If you read yesterday’s weekly update, you’ll see that we’re going to pass on a message a week for a few weeks from the audit report from Tourism Tribe. This summarises the results of 20 individual business audits. The other info in the updates might distract you. So we’re sending these lessons out separately.
So, lesson #1: market your destination on your website – and reap the rewards
Websites are our most important digital asset. They work 24/7 and 365 days a year.
But our local businesses’ websites are missing some valuable content about their destination. (Which doesn’t necessarily mean the Fleurieu Peninsula as a whole – though we’d love that – but at least your local area and its offerings.)
Smart businesses provide links to other offerings around them.
These don’t have to be direct competitors. An accommodation provider, for example, can provide links to some key dining opportunities, tours, attractions and public assets such as national parks.
But clever ones realise that you’re not just selling you on your website – you’re a key part but not usually the whole of an experience.
And the best part – in promoting others you’re raising your own profile in web searches. Your SEO (search engine optimisation) improves. It’s a case of virtue getting rewarded!
I’ve come across at least one terrific local example of an operator who uses their website to promote other local experiences.
Hazel Parker seems to have simply dozens of links to other businesses in the wining and dining game.

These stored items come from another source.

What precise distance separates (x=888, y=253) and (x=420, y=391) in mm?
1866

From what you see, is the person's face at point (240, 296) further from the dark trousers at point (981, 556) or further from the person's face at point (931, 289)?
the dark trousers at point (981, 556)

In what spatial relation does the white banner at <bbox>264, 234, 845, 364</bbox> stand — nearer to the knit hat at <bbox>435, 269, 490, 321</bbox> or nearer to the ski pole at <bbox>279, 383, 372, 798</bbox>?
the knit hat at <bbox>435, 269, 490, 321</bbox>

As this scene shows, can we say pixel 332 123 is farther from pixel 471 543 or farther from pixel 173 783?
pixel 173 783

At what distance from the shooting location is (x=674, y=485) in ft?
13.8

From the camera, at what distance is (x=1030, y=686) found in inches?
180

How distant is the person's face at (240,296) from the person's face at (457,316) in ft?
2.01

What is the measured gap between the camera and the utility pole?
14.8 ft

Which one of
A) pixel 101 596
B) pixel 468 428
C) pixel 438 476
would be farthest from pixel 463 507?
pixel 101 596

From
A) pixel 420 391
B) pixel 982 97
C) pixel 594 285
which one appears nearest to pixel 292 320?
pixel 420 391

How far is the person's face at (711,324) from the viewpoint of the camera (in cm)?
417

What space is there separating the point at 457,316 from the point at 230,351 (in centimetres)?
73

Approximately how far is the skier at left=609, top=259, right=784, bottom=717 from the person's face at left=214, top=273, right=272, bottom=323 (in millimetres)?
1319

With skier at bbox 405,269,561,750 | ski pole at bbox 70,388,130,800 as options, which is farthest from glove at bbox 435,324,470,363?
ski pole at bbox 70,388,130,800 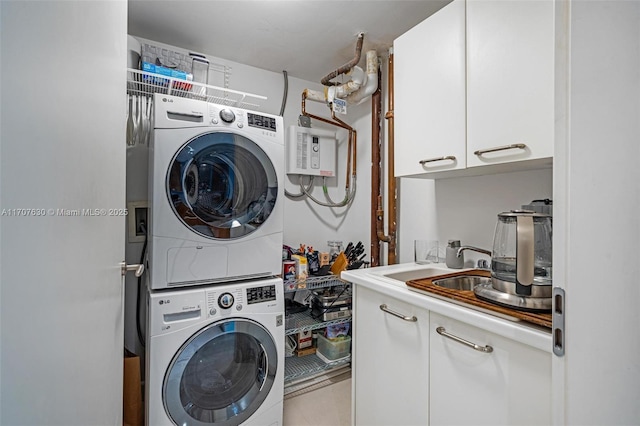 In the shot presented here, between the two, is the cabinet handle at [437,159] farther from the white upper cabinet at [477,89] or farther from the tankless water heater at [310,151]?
the tankless water heater at [310,151]

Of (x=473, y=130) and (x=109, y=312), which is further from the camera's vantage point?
(x=473, y=130)

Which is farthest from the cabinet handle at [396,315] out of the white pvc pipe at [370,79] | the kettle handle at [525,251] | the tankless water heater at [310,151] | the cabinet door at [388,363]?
the white pvc pipe at [370,79]

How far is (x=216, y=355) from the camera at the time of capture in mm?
1461

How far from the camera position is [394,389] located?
3.93 feet

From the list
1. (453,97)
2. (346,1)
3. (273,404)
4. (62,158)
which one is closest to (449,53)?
(453,97)

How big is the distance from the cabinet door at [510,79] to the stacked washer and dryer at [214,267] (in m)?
1.01

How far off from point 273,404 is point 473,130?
168 centimetres

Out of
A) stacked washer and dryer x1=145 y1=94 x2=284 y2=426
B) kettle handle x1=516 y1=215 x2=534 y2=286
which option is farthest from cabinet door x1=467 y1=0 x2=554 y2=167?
stacked washer and dryer x1=145 y1=94 x2=284 y2=426

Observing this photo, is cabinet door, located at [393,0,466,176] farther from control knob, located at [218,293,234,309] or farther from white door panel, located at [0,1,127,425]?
white door panel, located at [0,1,127,425]

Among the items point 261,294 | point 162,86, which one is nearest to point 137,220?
point 162,86

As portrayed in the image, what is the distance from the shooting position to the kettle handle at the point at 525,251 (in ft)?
2.71

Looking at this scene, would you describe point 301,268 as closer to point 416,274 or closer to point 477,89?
point 416,274

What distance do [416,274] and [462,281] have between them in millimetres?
250

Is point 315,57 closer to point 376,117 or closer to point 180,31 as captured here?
point 376,117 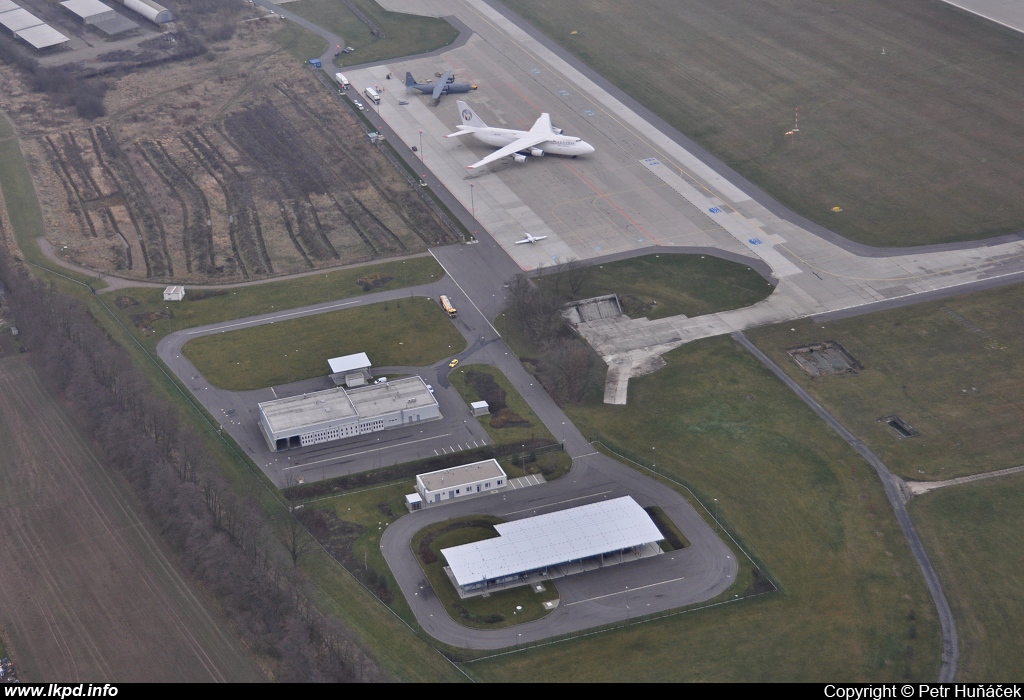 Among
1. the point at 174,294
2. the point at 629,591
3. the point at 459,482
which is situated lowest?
the point at 174,294

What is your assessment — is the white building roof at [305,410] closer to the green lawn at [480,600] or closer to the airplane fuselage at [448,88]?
the green lawn at [480,600]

She reaches out beyond her own local scene – promoting experiences across the whole Fleurieu Peninsula.
And the prize? When you google Mulberry Lodge, its website comes up first and foremost. Quite often I notice that a particular tourism operator’s website is listed at spot four or lower down the first page. Hazel shows how using lots of hypertext links to other experiences is good marketing.
You might be a website hero like Hazel. If not, this is something to look at as you refocus the business.
And a personal note from me:
I’ve been banging on about this issue for a decade and have had Flinders University students do audits in a number of regions. Their job is to map the connections between a sample of tourism businesses in the region.
It’s a simple exercise and you could probably do it for yourself in a couple of hours:
Take a piece of paper or do it on a word document.
Place your site fairly centrally on the page.
Check it for URLs – hypertext links – that you have on it for other businesses and experiences
Put each of these businesses as spots around the page and draw arrowed lines to them.
Then check their websites and see if they’re repaying your compliment or promoting other experiences
If they promote you then have the arrowed line heading back your way.
What are you likely to find?
There are lots of holes. We’re simply not using the free opportunity of the internet to promote each other and our destination.
There are givers and receivers. Some experiences are well-supported by their neighbours on their websites but don’t reciprocate.